Extend predefined MPI_Op's to user defined datatypes composed of a single, predefined type

mpiforumbot commented 8 years ago

Originally by traff on 2008-10-10 08:33:35 -0500

Author: George Bosilca

Description

Currently the predefined MPI_Op are limited to the predefined MPI types. This proposal try to extend the usage of MPI_Op to user derived datatypes, constructed from the same predefined datatype (use the same flexible definition for MPI_Op as the MPI_Accumulate). Such datatypes can be created with any MPI_Type function, and might or not contain gaps.

The intent is to allow the MPI library to apply internal optimizations (such as pipelining) on user derived types, leading to a large performance improvement for some classes of parallel applications. Basically, all mathematical algorithms using trapezoidal matrices fall under this category.

This change has to be integrated with the "New predefined datatypes" from ticket #18.

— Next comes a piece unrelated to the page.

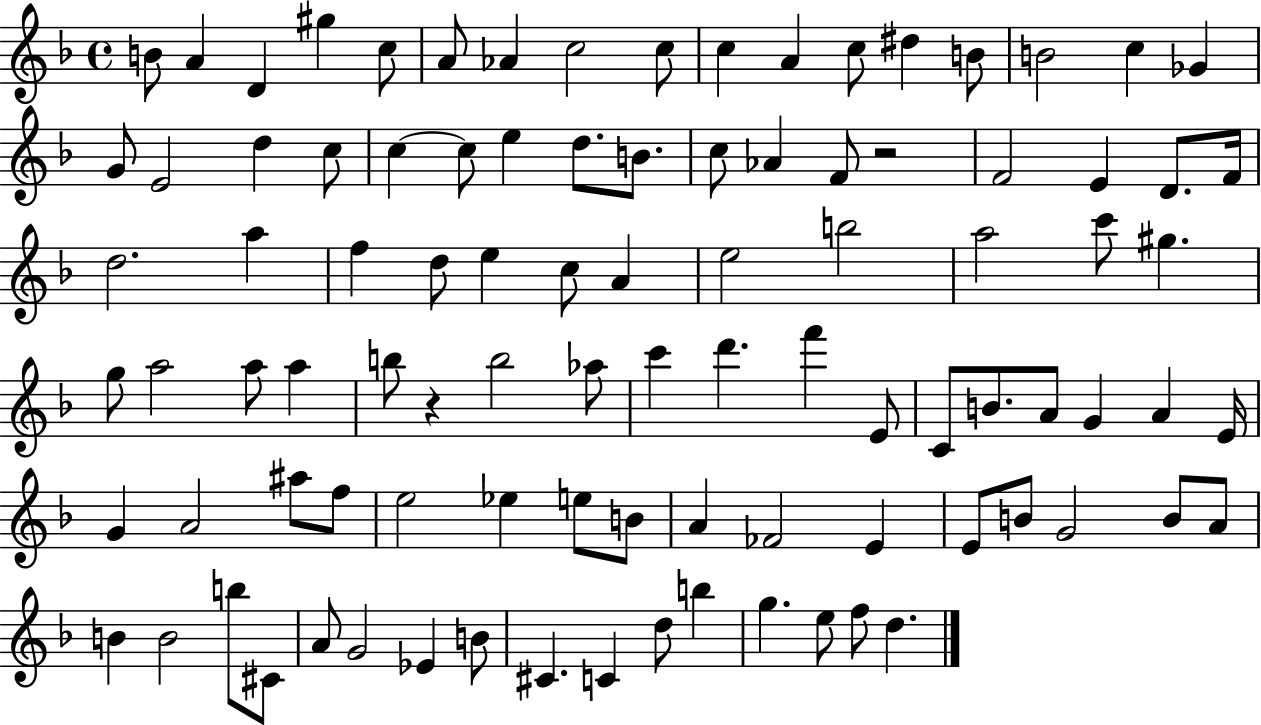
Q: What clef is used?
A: treble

In the chapter "Collective Communication" a compulsory dependency between predefined datatypes and the MPI_Op is defined. The section defining this dependency start at page 162 at line 8: For the other predeﬁned operations, we enumerate below the allowed combinations of op and datatype arguments. and then later on the same page line 27: Now, the valid datatypes for each option is speciﬁed below. || Op Allowed || Types || || MPI_MAX, MPI_MIN || C integer, Fortran integer, Floating point || || MPI_SUM, MPI_PROD || C integer, Fortran integer, Floating point, Complex || || MPI_LAND, MPI_LOR, MPI_LXOR || C integer, Logical || || MPI_BAND, MPI_BOR, MPI_BXOR || C integer, Fortran integer, Byte ||

However, of the discussion about the MPI_Op from the One-sided Communications chapter (page 332 line 9) this strong binding is relaxed: Each datatype argument must be a predeﬁned datatype or a derived datatype, where all basic components are of the same predeﬁned datatype. Both datatype arguments must be constructed from the same predeﬁned datatype.

History

Several users have complained about this on the past. Example where such an extension would be beneficial include most of the math algorithms working on trapezoidal matrices. Global communications with predefined operations cannot be applied on such datatypes because of their non predefined characteristic. A user defined MPI_Op can be used instead of a predefined MPI_Op having the same mathematical signification. While this is the current solution most of the users rely on, it induces from the MPI implementors perspective a limitation to the usage of highly optimized collective algorithms. As an example, it is difficult to implement a pipelined reduction algorithm with such datatypes, because the requirement of the MPI_Op to work only on a complete number of elements of the corresponding type.

Proposed Solution

The proposed solution is to replace the following paragraph on page 161 lines 9-11 Predeﬁned operators work only with the MPI types listed in Section 5.9.2 and Section 5.9.4 with Predeﬁned operators can be applied on a predefined datatype or a derived datatype, where all basic components are of the same predefined datatype. In other words, these operations can be applied on any datatype having a type signature containing only one single predefined datatype, if this predefined datatype matches the operation as defined in Section 5.9.2 and Section 5.9.4. In the case of derived datatypes, the predefined operator applies to elements of the predefined type contained within the derived datatype.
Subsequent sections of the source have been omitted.